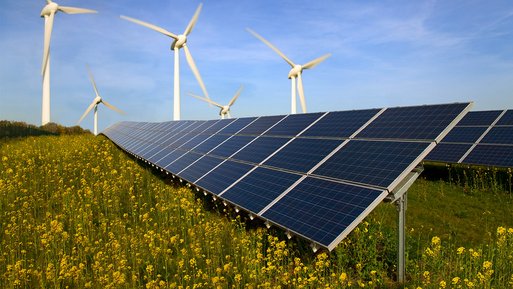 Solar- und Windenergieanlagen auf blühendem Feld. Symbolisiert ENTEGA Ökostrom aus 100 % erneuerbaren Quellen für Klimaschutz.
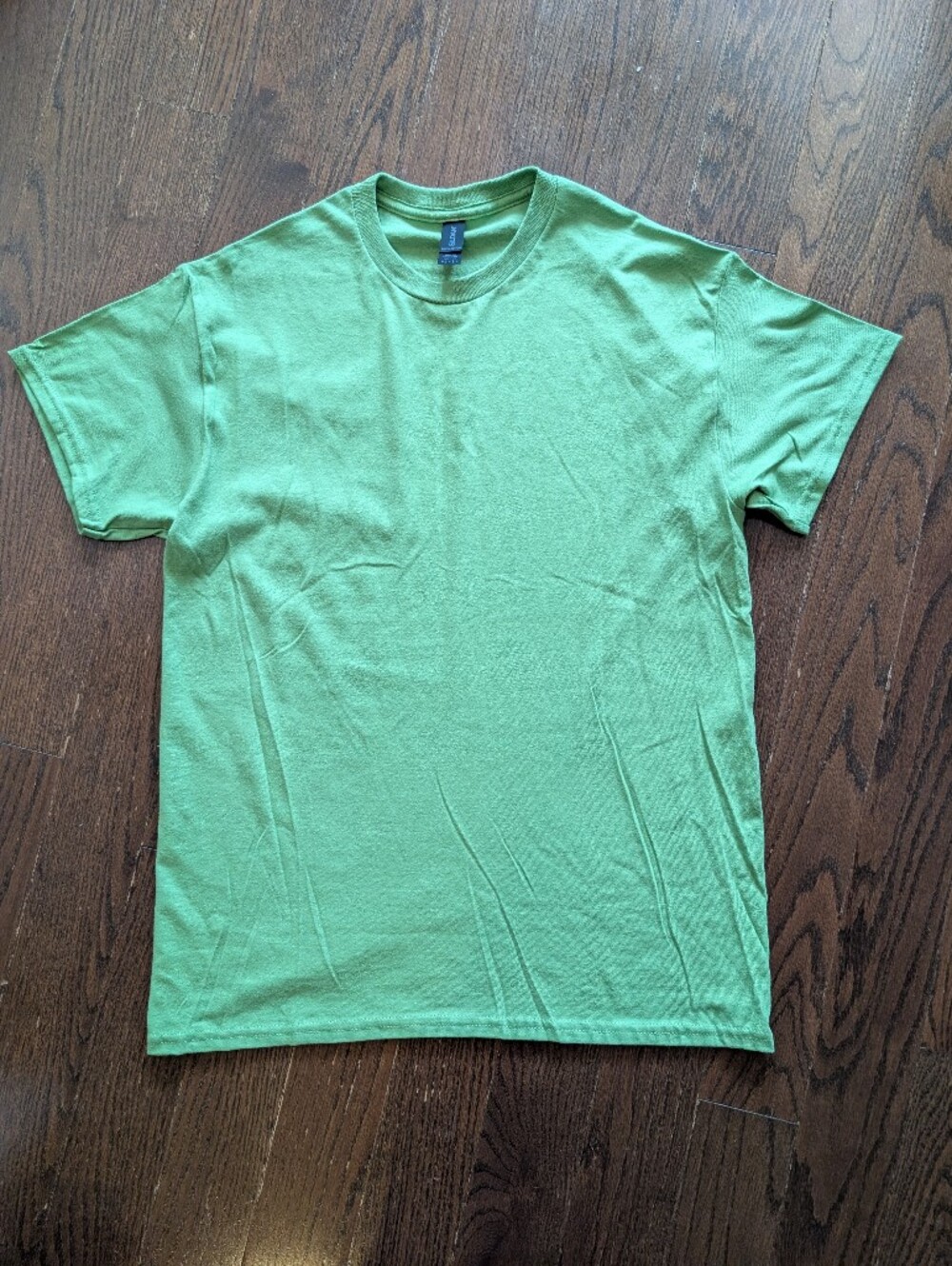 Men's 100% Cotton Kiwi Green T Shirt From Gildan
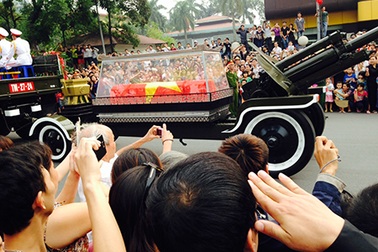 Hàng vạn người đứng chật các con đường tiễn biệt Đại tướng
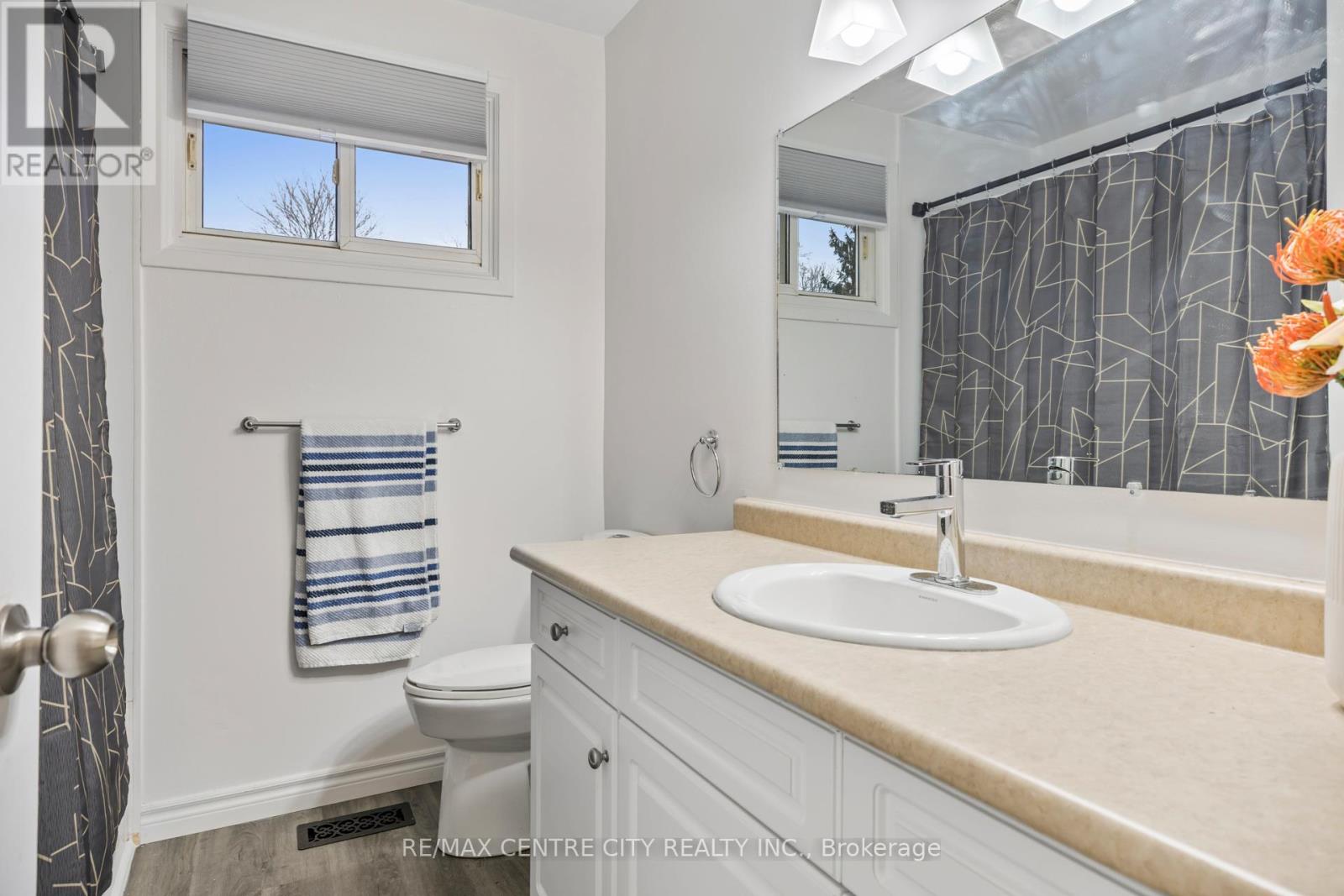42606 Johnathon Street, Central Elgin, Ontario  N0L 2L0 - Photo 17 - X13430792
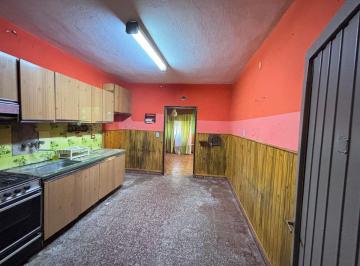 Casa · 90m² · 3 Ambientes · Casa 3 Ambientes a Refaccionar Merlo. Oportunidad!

- - -

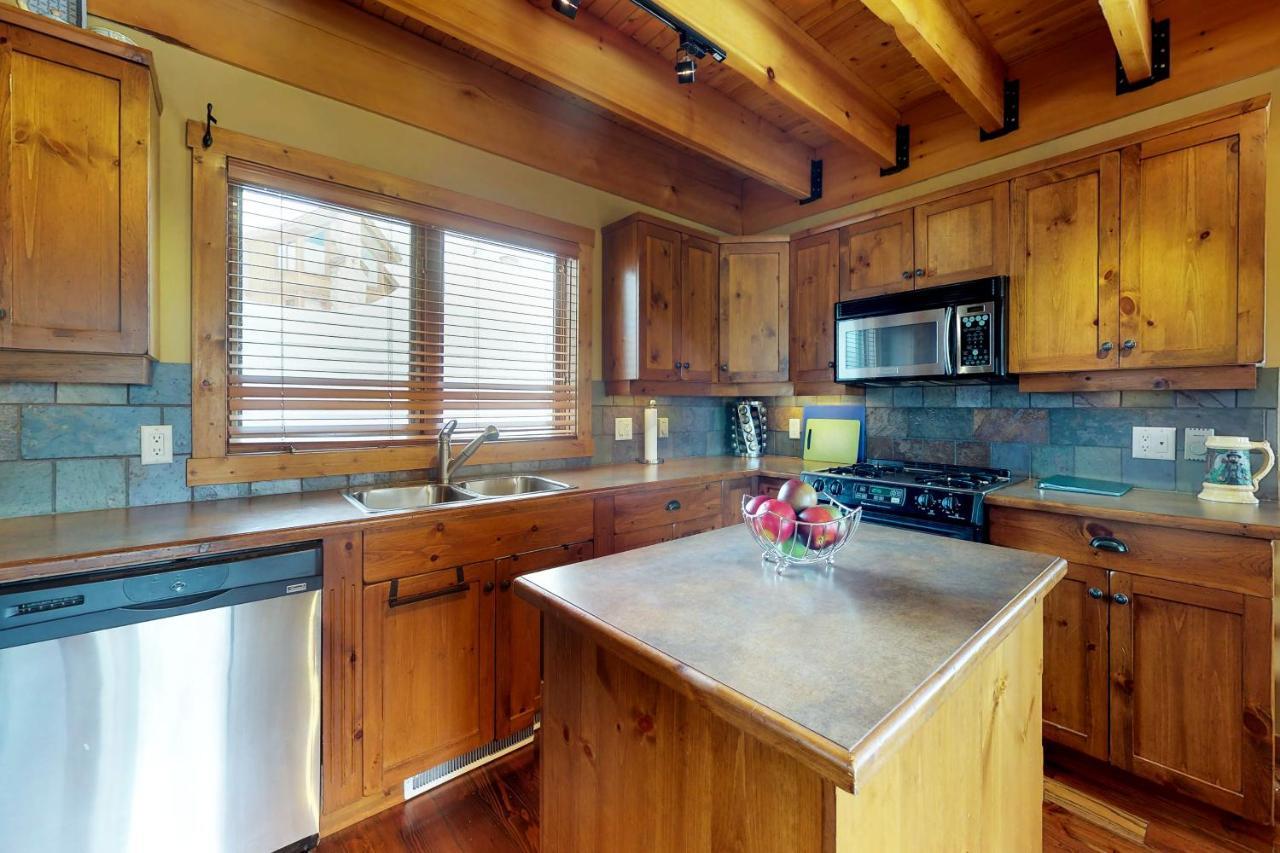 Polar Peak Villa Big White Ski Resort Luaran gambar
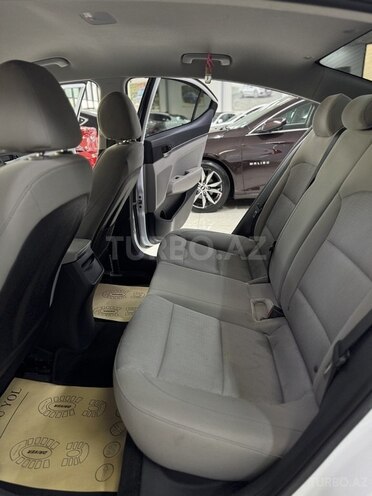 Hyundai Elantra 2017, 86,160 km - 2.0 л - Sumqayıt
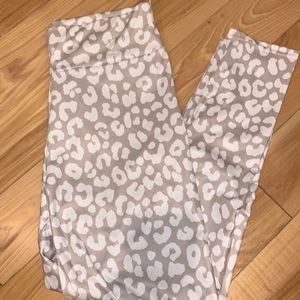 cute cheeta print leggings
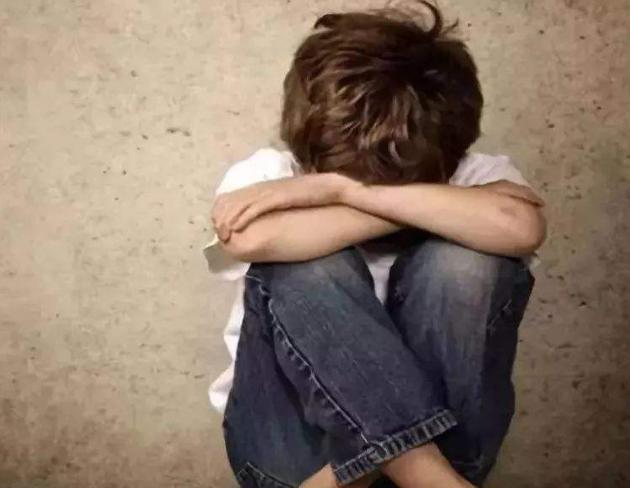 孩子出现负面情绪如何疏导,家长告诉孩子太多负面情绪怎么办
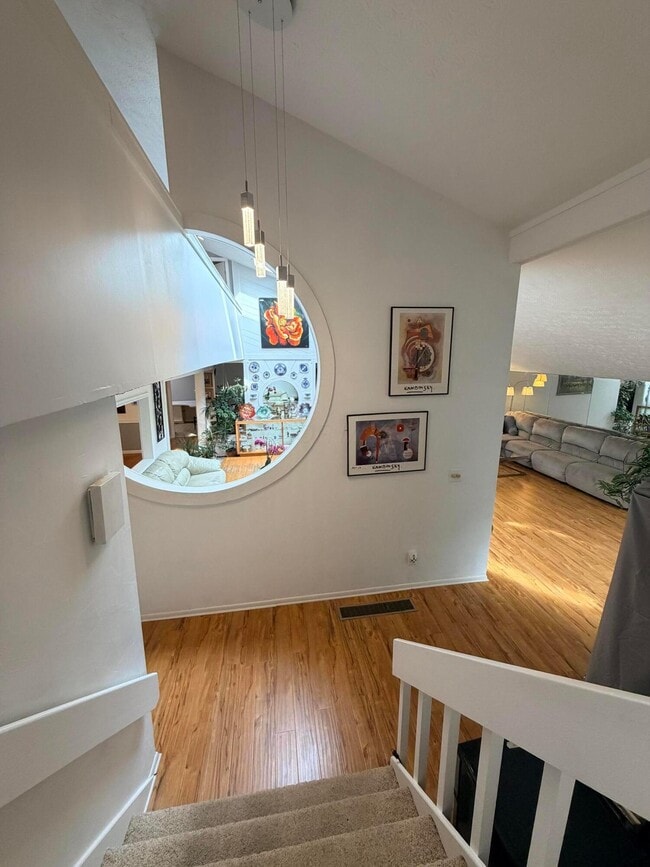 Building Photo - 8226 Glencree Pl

- - -

[TASK DIRECTIONS] Print the part of the listing above that opens with the line containing "Men's 100% Cotton" and closes with the line containing "Casa · 90m²". Copy it exactly, both ends included, and omit the pictures.

[ANSWER AREA]
 Men's 100% Cotton Kiwi Green T Shirt From Gildan
 Hàng vạn người đứng chật các con đường tiễn biệt Đại tướng
42606 Johnathon Street, Central Elgin, Ontario  N0L 2L0 - Photo 17 - X13430792
 Casa · 90m² · 3 Ambientes · Casa 3 Ambientes a Refaccionar Merlo. Oportunidad!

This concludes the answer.